C'est un slogan fataliste algérien : «Il n'y a pas de leaders pour mener le changement». Un autre faux proverbe veut que «sans Bouteflika, qui pourra gouverner ce pays ?». D'où la question de fond : est-ce vrai qu'il n'y a pas de leaders algériens pour mener l'Algérie vers le meilleur ? Cette terre est-elle devenue stérile après la génération 54 ? Sommes-nous coincés entre les vieux et le rien ? Réponse : non. On ne fait que se fermer les yeux pour ne pas voir que ce pays a encore la possibilité d'enfants qui peuvent enfanter d'un pays. De nouveaux leaders légitimes propres et sincères existent. Sauf que, d'un côté, le Pouvoir ne leur permet aucune visibilité et que, de l'autre, le peuple assis continue de dire qu'ils n'existent pas parce qu'il ne les voit pas à la télé. Exemple : Qui a bougé, mis à part quelques dizaines de personnes, quand deux leaders du mouvement des étudiants algériens non affilés au régime, ni aux fichiers des indicateurs, ni aux partis, de vrais leaders, se sont fait exclure de l'université algérienne par pur abus de pouvoir, il y a quelques jours ? Qui a bougé ou serré la main, mis à part quelques centaines, à Touat, la chômeuse de Mostaganem quand elle s'est fait inculper pour avoir dénoncé sa condition de chômeuse ? Qui dit un mot pour les représentants des chômeurs algériens lorsqu'ils se font tabasser, arrêter, interpeller ou harceler ? Personne.

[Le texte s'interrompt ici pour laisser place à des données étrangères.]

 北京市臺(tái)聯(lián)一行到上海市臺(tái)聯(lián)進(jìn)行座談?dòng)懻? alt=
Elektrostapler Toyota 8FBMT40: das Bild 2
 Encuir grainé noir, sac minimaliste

L'Algérie n'est pas un tuyau mais une âme : elle n'échappe pas au « printemps » ni à l'histoire du monde. Il y existe des mouvements sociaux, des leaders sincères et combatifs, des hommes de bonne volonté mais le confort de la paresse pousse à ne pas les voir, les aider, les soutenir ou les suivre. C'est la solitude des meilleurs hommes de 54, à l'époque où le peuple algérien était une hypothèse et un espoir.

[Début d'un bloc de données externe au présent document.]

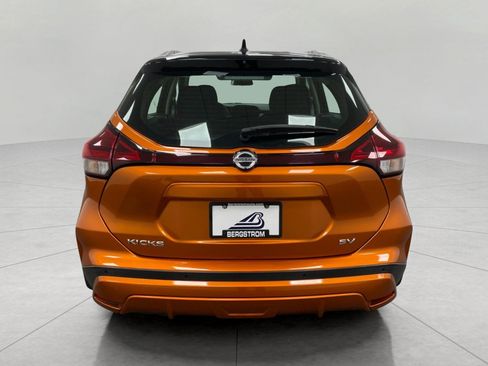 Used 2021 Nissan Kicks SV FWD image 5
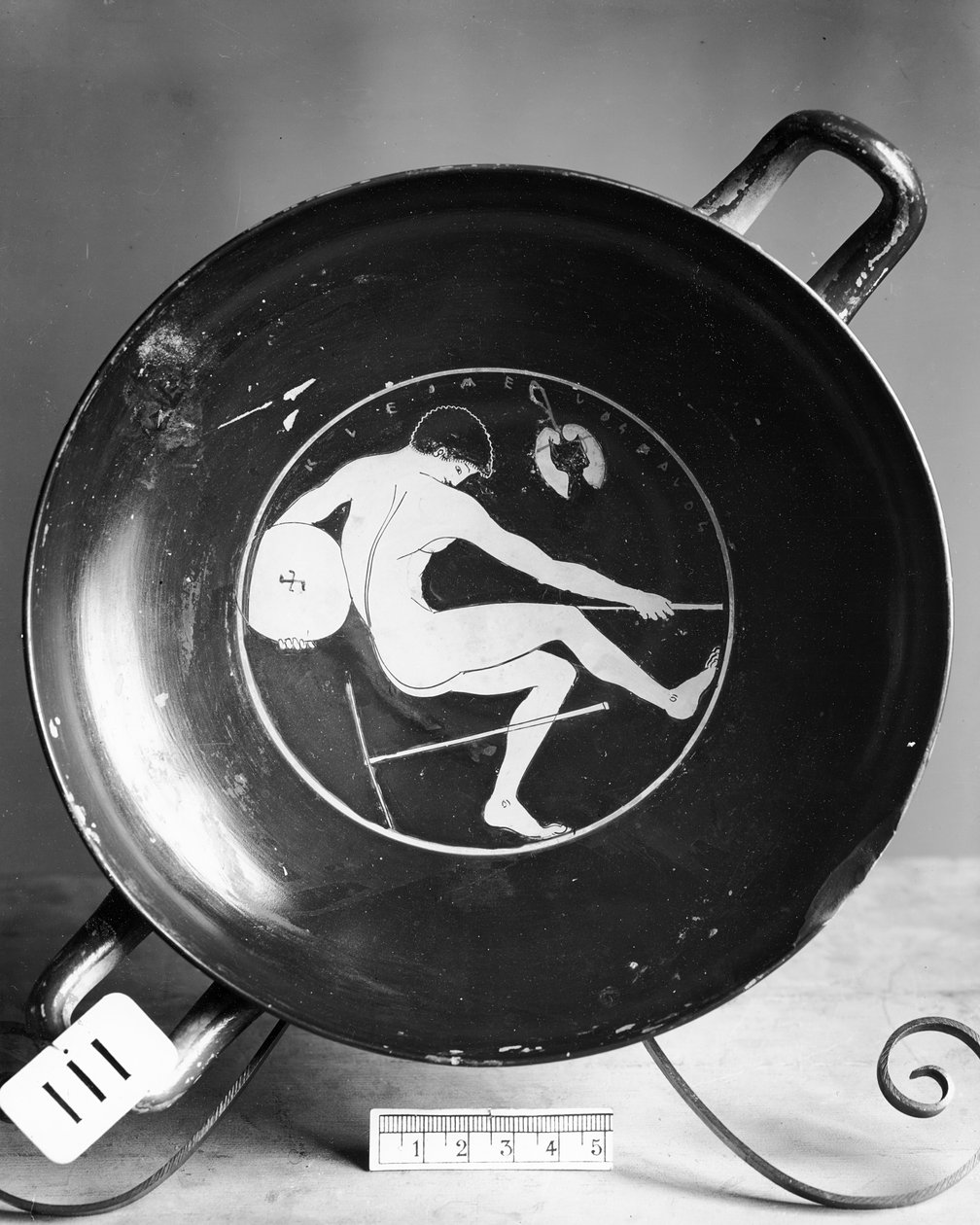 Fat som viser en diskoskaster, muligens av Cleomelos (keramikk) av Greek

D'ailleurs, le Pouvoir l'a bien compris : depuis quelques semaines, la chasse est ouverte contre ces gens-là, contre les possibles leaders de demain. Arrestations, exclusions, harcèlement et pressions. Le système tolère, avec calcul, les vieux opposants, déjà sans poids, assimilés ou marqués par le compromis et la compromission, mais surveille avec peur les nouveaux qui échappent à ses vigilances et ses manipulations. Les « vieux » opposants sont connus, peu capables de mener à bien la révolution, utilisables pour la « plomber », mais les nouveaux sont dangereux, car ils sont crédibles, pauvres, intraitables et capables de meilleures mobilisations. Le système veut de vieux opposants, de l'âge du système lui-même et de sa gérontocratie : la plus grave menace vient donc de l'âge de l'adversaire. Le système sait qu'un jeune peut chasser les colons ou leurs remplaçants, avec courage, vigueur et sacrifice. Ce n'est pas le cas des vieux, qu'ils soient élus, désignés, opposants ou de service. En Algérie donc, la chasse est ouverte et la répression ne fait que commencer. Pour reprendre une image que le chroniqueur a déjà utilisée, c'est un vieux pharaon qui a fait le rêve de sa mort par les mains d'un nouveau-né. Du coup, toutes les moukhabarates sont instruites de surveiller les nouveau-nés et de les tuer au berceau. On connaît tous la suite et comment cela ne servit à rien. Tuer les nouveau-nés n'arrête pas le destin. Emprisonner des jeunes à Ouargla parce qu'ils ont voulu s'immoler en est un aspect des plus surréalistes de cette chasse. Un jour ou l'autre, un Algérien réussira à réveiller ce peuple et à chasser, encore une fois, les colons.